Il sito fu visitato e descritto per la prima volta da A. Cunningham nella seconda metà dell'Ottocento, e a lui si devono piante schematiche del sito e dell'area sacra. Anche se più di un dubbio è stato sollevato sull'esattezza della pianta del santuario (che non corrisponde sempre a quanto si dice nel testo), a essa si deve ancora far riferimento poiché le sue strutture murarie, già allora in cattivo stato, sono oggi quasi interamente scomparse.

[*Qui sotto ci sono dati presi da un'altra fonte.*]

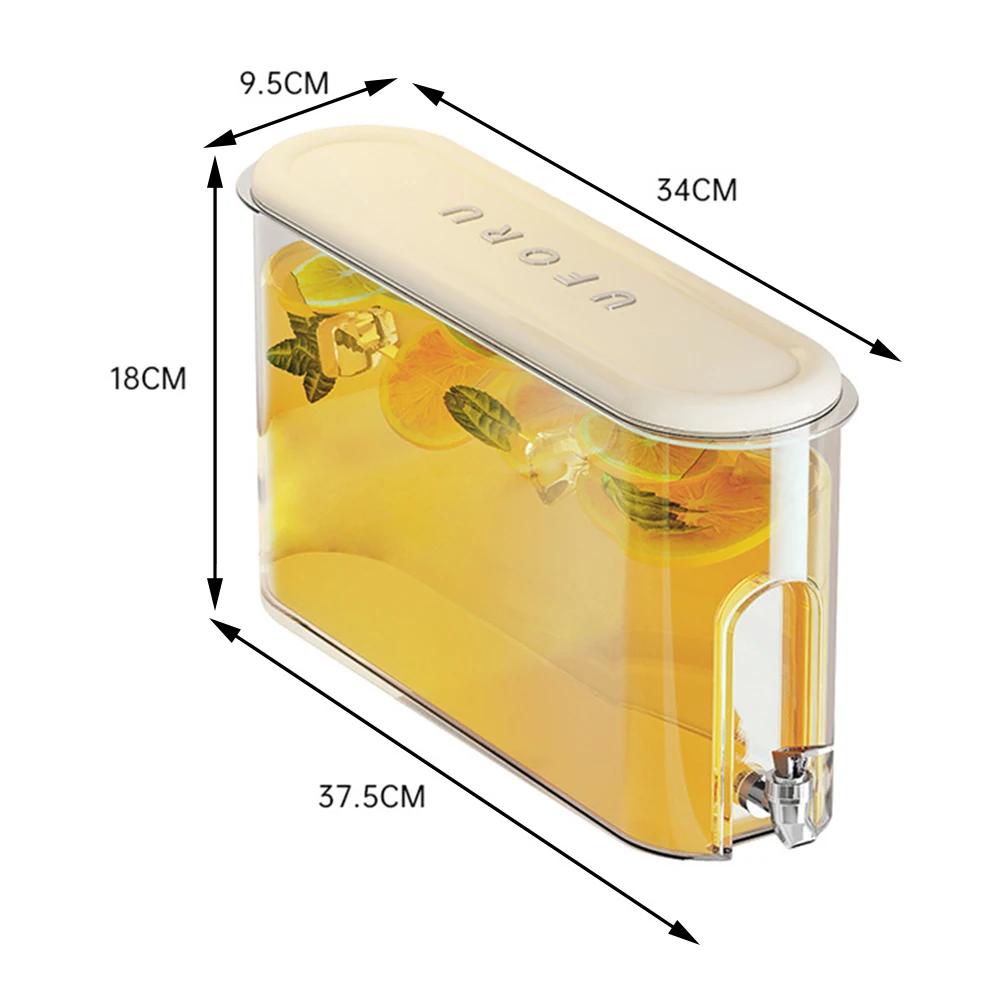 Caraffa Grande Capacità 4L Sigillata per Acqua Fredda con Rubinetto Bollitore Freddo per Frigorifero Dispenser per Bevande Fredde per Succhi di Frutta Acqua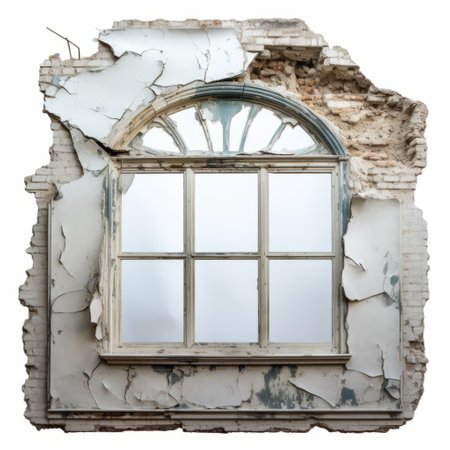 the scratched white window glass, in the style of urban decay realism, showcases a strong emotional impact with its rococo-inspired design. the realistic rendering captures the essence of a 19th-century style, reminiscent of the works progress administration (wpa) era. the cutripped appearance adds to the overall aesthetic, creating a captivating visual narrative. ai generatedの素材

L'insediamento urbano, che sorgeva su un'ansa della Bina, è stato indagato archeologicamente negli anni '60, con risultati tuttavia poco soddisfacenti a causa delle strategie di scavo adottate. Vi sono stati individuati quattro periodi di occupazione. Il primo è fatto coincidere con la cultura calcolitica dell'India centrale, caratterizzata da ceramica grigia; verso la fine del periodo si osserva la costruzione di mura urbane in argilla. Nel secondo periodo sono documentati mattoni cotti (ma nessuna struttura è stata individuata e portata alla luce) associati a ceramica rossa e ad alcuni interessanti oggetti, tra cui una pastiglia di cuoio impressa con la legenda, in caratteri di epoca maurya, raño Idagutasa, «del re Indragupta». Vanno ricordati a questo proposito i ritrovamenti di monete, tra cui una rara moneta quadrata del III sec. a.C. recante il nome di un sovrano, Dharmapāla, fatti da A. Cunningham. Nei primi secoli della nostra era (periodo III), quando compare la ceramica rossa polita che si associa comunemente alla ceramica romana, vi sono resti strutturali e, tra gli oggetti, numerose monete nāga, śaka, indo-sasanidi e gupta. Le mura in pietra ancora visibili risalgono al quarto periodo, tardo-medievale.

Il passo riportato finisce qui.